India to face fiscal challenges despite lower deficit target: Moody’s

Indian Currency Notes

Singapore/Mumbai, July 9 (IANS) Credit rating agency Moody’s Investors Service on Tuesday said that India continues to face fiscal challenges, despite lower deficit target in the full Budget 2019-20.

In its analysis of the full Budget 2019-20, Moody’s said that weak growth prospects for India will complicate the government’s fiscal consolidation efforts, weighing on the sovereign credit quality.

“Simultaneously delivering on fiscal consolidation and raising incomes will be extremely challenging for India’s authorities, particularly since growth is likely to remain weak over the coming year,” the credit rating agency said.

The full Budget presented on July 5 targeted a slightly lower deficit of 3.3 per cent of the GDP for fiscal 2019 than what the authorities had predicted in February.

As per the report, budget announcements for public sector banks, non-bank finance companies (NBFCs), the infrastructure sector, property developers, some domestic producers and securitization transactions are credit positive.

Specifically, the report pointed out the Rs 70,000 crore ($10.2 billion) capital infusion into public sector banks and a temporary credit guarantee facility to alleviate tight liquidity for NBFCs as credit-positive for the relevant entities and “should encourage the flow of credit to the economy and support growth”.

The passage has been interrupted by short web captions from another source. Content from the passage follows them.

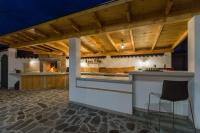 Plán poschodí v ubytovaní Villa Deni by Rent Istria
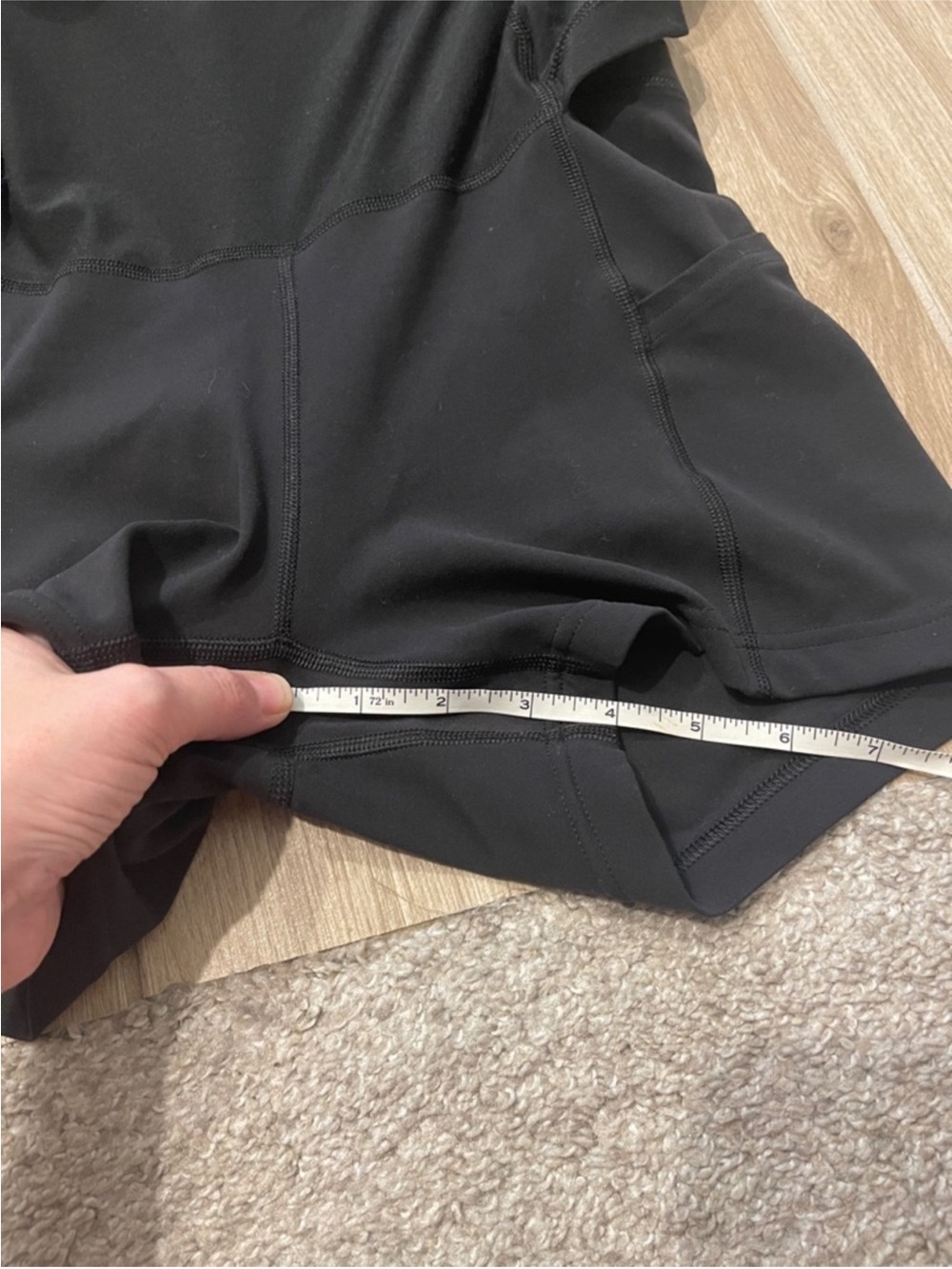 Lululemon Align Dress Black
*Nulu Sz 6 - Picture 7 of 8
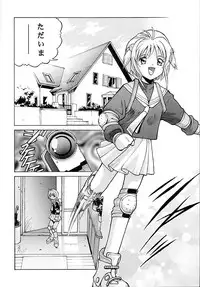 (C55) [Human High-Light Film (Various)] Human High-light Film IX (CardCaptor Sakura)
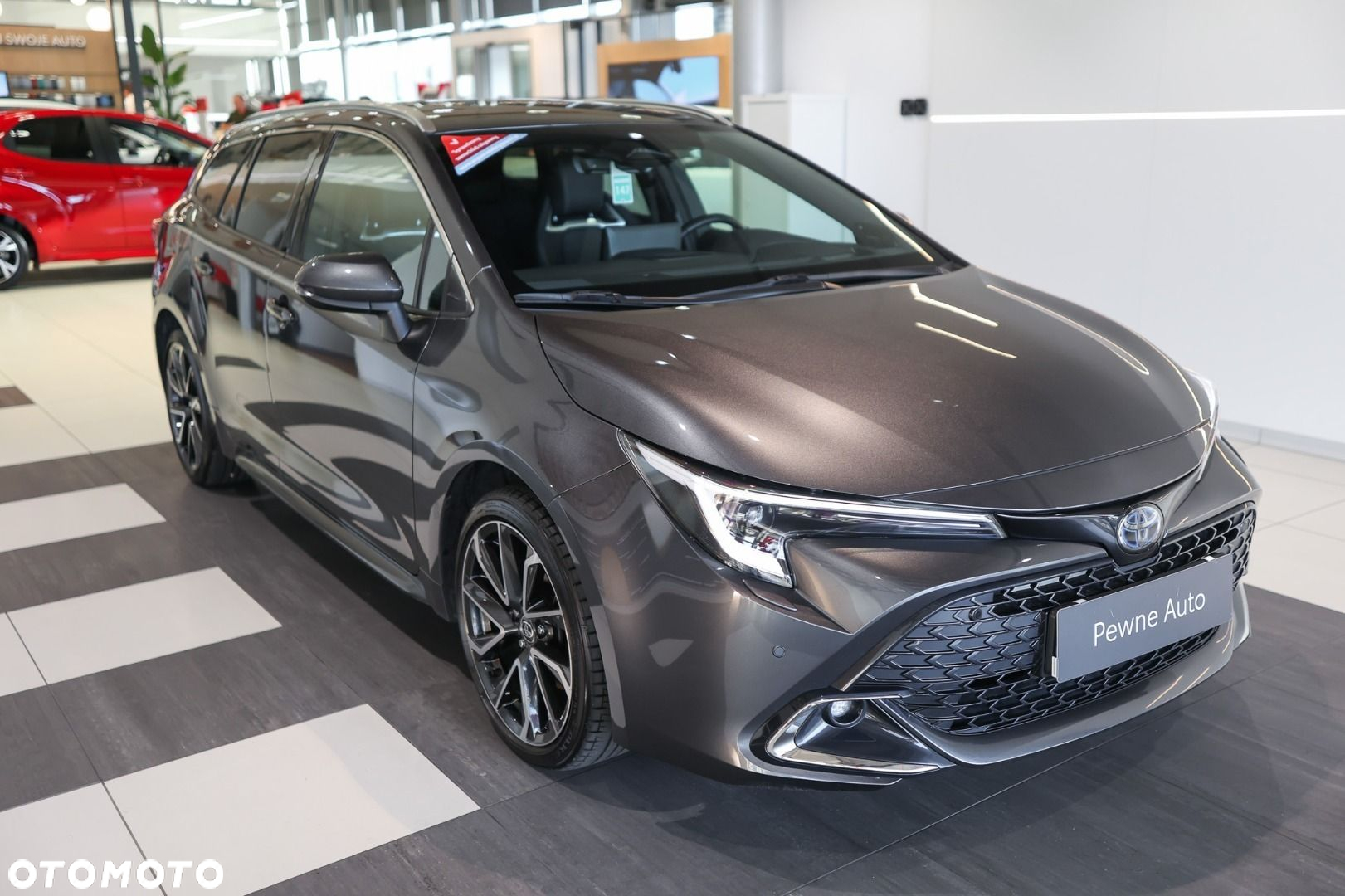 Toyota Corolla - 4
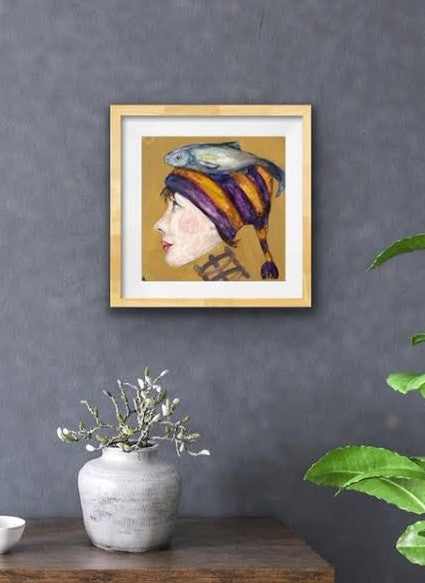 TRAVELING WITH A FISH (SMALL)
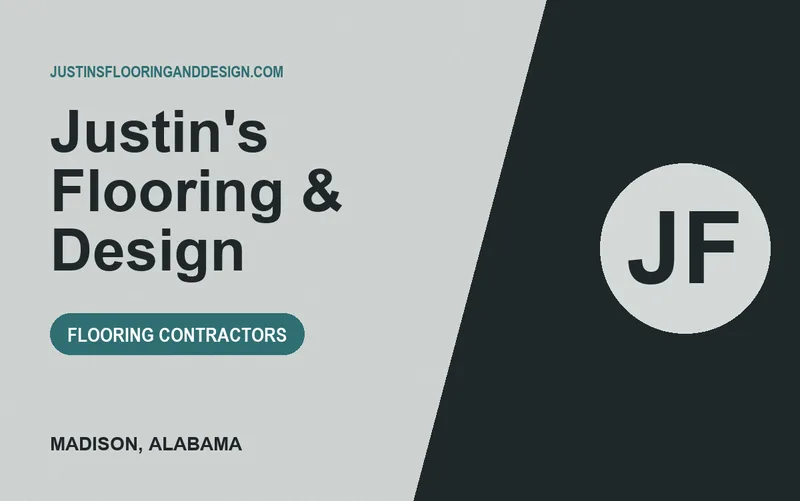 Justin's Flooring & Design in Madison, Alabama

“The hike in customs duties on certain imported products will increase the competitiveness of domestic producers, while new incentives for the purchase of affordable homes will be credit positive for Indian property developers,” the agency said.

“And, plans to increase public spending on infrastructure and expand funding sources to these companies are credit positive for the sector.”

As for the funding support and regulatory strengthening for the NBFC sector, the report elaborated that such measures are credit positive for Indian securitization deals.

“However, any reductions in the government’s stakes in oil companies could lower Moody’s assessment of official support for these firms, a credit negative for the sector,” the report said.